China held its lead as the world’s largest exporter but saw shipments dip from 3.16 million tonnes worth USD 10.4 billion to 2.9 million tonnes worth USD 10.1 billion. Its position is dominant but is under pressure. The government scrapped aluminium export tax rebates in December 2024, a move expected to trim shipments by 8–11 per cent in 2025 as supply is directed to domestic use. Production limits at about 45 million tonnes add another brake.
With trade barriers in the US and EU closing off key markets, Chinese exporters have shifted toward Southeast Asia. Exports were strong early in the year as firms shipped ahead of tariff changes but slowed by mid-year as inventories evened out.

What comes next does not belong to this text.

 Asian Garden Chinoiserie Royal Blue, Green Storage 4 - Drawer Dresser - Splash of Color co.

India’s exports declined from USD 2.8 billion and 1.15 million tonnes in May 2024 to USD 2.2 billion and 757,832 tonnes a year later. Germany’s volumes fell as well, from USD 4.7 billion and 1 million tonnes to USD 4.4 billion and 889,810 tonnes, reflecting Europe’s energy and logistics difficulties.

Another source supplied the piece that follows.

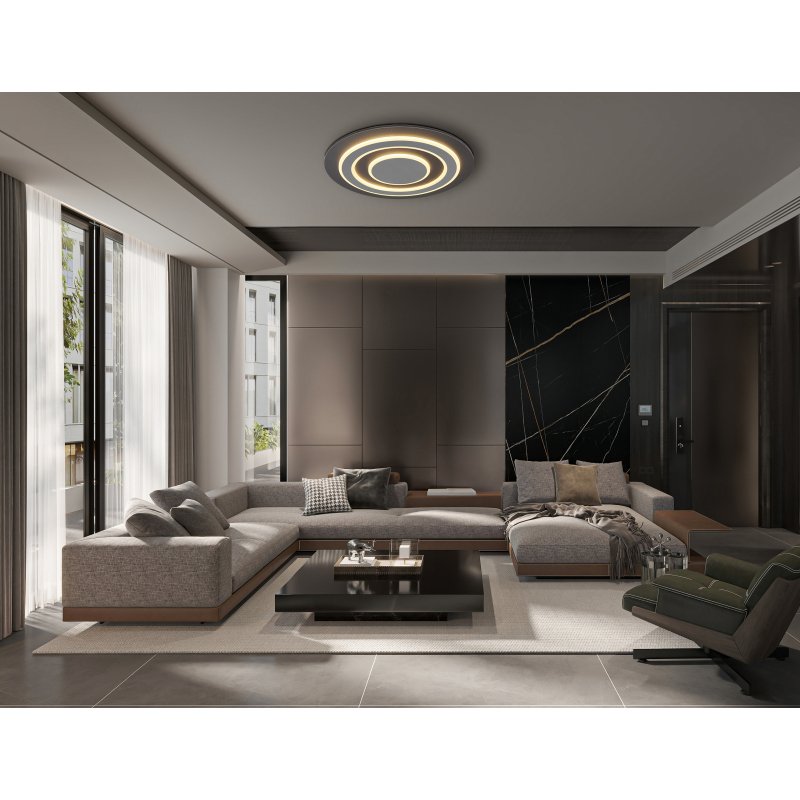 jayden-48032-40-g28618-6 Plafonieră metal antracit periat, metal gri periat, acrilic opal, ø: 480mm, H: 52mm, incl. LED 40W 230V, sursă 3700lm, ieșire 1100lm, 3000K - imagine 1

Some producers moved the other way. The UAE increased exports from USD 2.2 billion in April 2024 to USD 2.5 billion in April 2025, despite a slight dip in tonnage. Russia posted a stronger jump, from USD 2.3 billion and 966,869 tonnes to USD 3.3 billion and 1.2 million tonnes.
South Korea and Malaysia recorded smaller but steady gains. South Korea rose from USD 1.97 billion and 570,644 tonnes in 2024 to USD 2.1 billion and 588,154 tonnes in 2025. Malaysia increased exports from USD 2.2 billion and 944,604 tonnes in May 2024 to USD 2.4 billion and 903,081 tonnes in May 2025.
Policy drivers and export declines
The shift in trade patterns from 2024 to 2025 has been shaped by policy and supply factors. In June, the US doubled tariffs on steel and aluminium imports from 25 to 50 per cent under Section 232 of the Trade Expansion Act. The measure applies to the metal content of imports and now covers downstream products such as machinery, appliances and vehicle parts.
The change pushed up costs and cut US purchases by more than a quarter. At the same time, domestic demand in both the US and India absorbed more supply for autos, aerospace and infrastructure, leaving less available for export. Europe struggled with high power prices and logistical bottlenecks, with almost half of its smelting capacity already shut since 2023.
Producers with fewer constraints, notably Russia and the UAE, expanded exports and captured greater global share, filling part of the gap left by others.
Together, the tariff shock, shifting demand and supply constraints have reshaped global trade flows, leaving the aluminium alloy market in 2025 marked by higher prices, uneven growth and a clear redistribution of export power.